» Work to complete: Copy out every record below with complete accuracy.

» Study material:
________________________________________
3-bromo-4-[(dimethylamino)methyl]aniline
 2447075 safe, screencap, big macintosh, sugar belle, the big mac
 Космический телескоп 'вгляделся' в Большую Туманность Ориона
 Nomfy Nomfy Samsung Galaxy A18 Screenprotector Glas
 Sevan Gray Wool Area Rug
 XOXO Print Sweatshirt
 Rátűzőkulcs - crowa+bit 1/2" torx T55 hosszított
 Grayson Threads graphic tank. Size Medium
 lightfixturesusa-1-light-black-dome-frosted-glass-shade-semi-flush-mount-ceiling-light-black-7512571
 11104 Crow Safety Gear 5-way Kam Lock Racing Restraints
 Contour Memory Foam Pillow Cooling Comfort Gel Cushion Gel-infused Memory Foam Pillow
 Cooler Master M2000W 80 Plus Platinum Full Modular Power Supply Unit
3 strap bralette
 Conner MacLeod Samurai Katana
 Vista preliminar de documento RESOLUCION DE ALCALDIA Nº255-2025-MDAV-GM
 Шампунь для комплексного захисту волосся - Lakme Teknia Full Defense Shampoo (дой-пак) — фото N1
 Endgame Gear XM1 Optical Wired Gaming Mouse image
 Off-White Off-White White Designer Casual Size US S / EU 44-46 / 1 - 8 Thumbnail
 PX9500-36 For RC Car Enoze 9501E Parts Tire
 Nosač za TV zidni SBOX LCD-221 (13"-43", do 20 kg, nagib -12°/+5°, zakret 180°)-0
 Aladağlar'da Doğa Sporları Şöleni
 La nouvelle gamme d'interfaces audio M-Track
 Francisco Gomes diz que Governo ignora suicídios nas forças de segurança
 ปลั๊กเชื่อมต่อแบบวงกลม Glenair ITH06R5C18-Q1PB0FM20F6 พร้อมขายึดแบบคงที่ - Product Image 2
________________________________________
» Solution for this problem:
3-bromo-4-[(dimethylamino)methyl]aniline
 2447075 safe, screencap, big macintosh, sugar belle, the big mac
 Космический телескоп 'вгляделся' в Большую Туманность Ориона
 Nomfy Nomfy Samsung Galaxy A18 Screenprotector Glas
 Sevan Gray Wool Area Rug
 XOXO Print Sweatshirt
 Rátűzőkulcs - crowa+bit 1/2" torx T55 hosszított
 Grayson Threads graphic tank. Size Medium
 lightfixturesusa-1-light-black-dome-frosted-glass-shade-semi-flush-mount-ceiling-light-black-7512571
 11104 Crow Safety Gear 5-way Kam Lock Racing Restraints
 Contour Memory Foam Pillow Cooling Comfort Gel Cushion Gel-infused Memory Foam Pillow
 Cooler Master M2000W 80 Plus Platinum Full Modular Power Supply Unit
3 strap bralette
 Conner MacLeod Samurai Katana
 Vista preliminar de documento RESOLUCION DE ALCALDIA Nº255-2025-MDAV-GM
 Шампунь для комплексного захисту волосся - Lakme Teknia Full Defense Shampoo (дой-пак) — фото N1
 Endgame Gear XM1 Optical Wired Gaming Mouse image
 Off-White Off-White White Designer Casual Size US S / EU 44-46 / 1 - 8 Thumbnail
 PX9500-36 For RC Car Enoze 9501E Parts Tire
 Nosač za TV zidni SBOX LCD-221 (13"-43", do 20 kg, nagib -12°/+5°, zakret 180°)-0
 Aladağlar'da Doğa Sporları Şöleni
 La nouvelle gamme d'interfaces audio M-Track
 Francisco Gomes diz que Governo ignora suicídios nas forças de segurança
 ปลั๊กเชื่อมต่อแบบวงกลม Glenair ITH06R5C18-Q1PB0FM20F6 พร้อมขายึดแบบคงที่ - Product Image 2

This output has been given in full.